No muy lejos de tu casa vivía un niño caprichoso de ojos grandes y pelo rojo. El cuál ya no recuerdo como se llamaba, pero sé que los niños del colegio le apodaban Tacañón el Rojo.
Hubo un tiempo que este pelirrojo llenaba sus cumpleaños de amigos, y regalos, hubo un tiempo en que jugaba con todos los muchachos del barrio, hubo un tiempo en que la gente le llamaban por su verdadero nombre.
Pero Tacañón empezó a no compartir juguetes, a no prestar nada, a no llamar a sus amigos para que no tocaran sus cosas por si se rompían. Decía tantas veces: “Mío”, “No te lo dejo” y “No te doy”, que se olvidó del resto de palabras.
Los amigos desaparecieron, los compañeros de juegos se volvieron imaginarios, y en el colegio nadie le entendía, porque solo sabía decir: “Mío”.
A pesar de todo, a este niño no le importaba la soledad porque tenía sus cosas, sus juguetes, sus dulces, todo para él solito. Incluso sus padres al ver que ya no tenía amigos intentaron alegrar la vida de su hijo llenándole de regalos. Tantos juguetes llegó el niño a tener que alcanzaron hasta el techo de su habitación, teniendo que irse dormir al sofá del salón.
Un buen día, el cuarto que estaba repleto de juguetes se quedó vacío. Nada más enterarse del robo, el muchacho corrió a contárselo a sus padres.
-Mío. No te lo doy. No te lo dejo –decía con enfado-.
-Sí, te lo hemos quitado todo –respondió la madre que parecía entenderle-. Pero te vamos a regalar algo más importante que tener cosas.
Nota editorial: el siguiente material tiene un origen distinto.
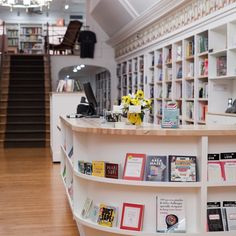 the inside of a book store with books on shelves and stairs leading up to the second floor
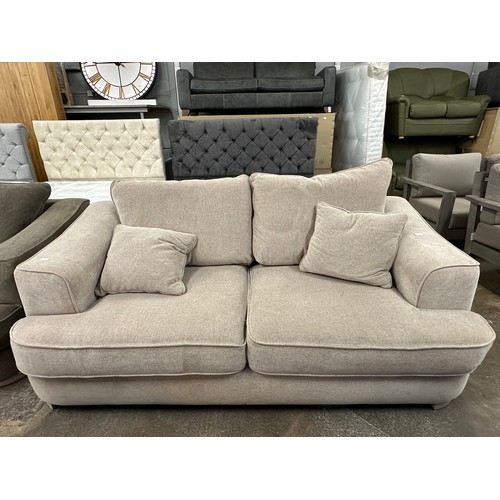 3147 - A beech beige upholstered 2.5 seater sofa on light oak legs, tear to inside of cushion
Tacañón gritó, lloró, pataleó, y cuando se cansó de todo eso; sus padres le llevaron a un lugar donde los niños desfavorecidos comían, se vestían y jugaban, gracias a las donaciones de las personas con más suerte. El joven pelirrojo se dio cuenta que todos aquellos niños allí estaban disfrutando de los juguetes que habían desaparecido de su habitación, algo que no le gustó nada; hasta que un pequeño moreno y pecoso se le acercó.
-¿Juegas conmigo?
-Mío, mío, mí, m… Sí, vamos -dijo con torpeza-.
Después de pasar aquella tarde jugando, algo cambió en Tacañón. Con el tiempo perdió el apodo, ganó palabras para hablar y amigos para jugar, empezó a compartir y a recibir de los demás. Y aunque no recuerdo como se llamaba, en todo el barrio le llamábamos amigo.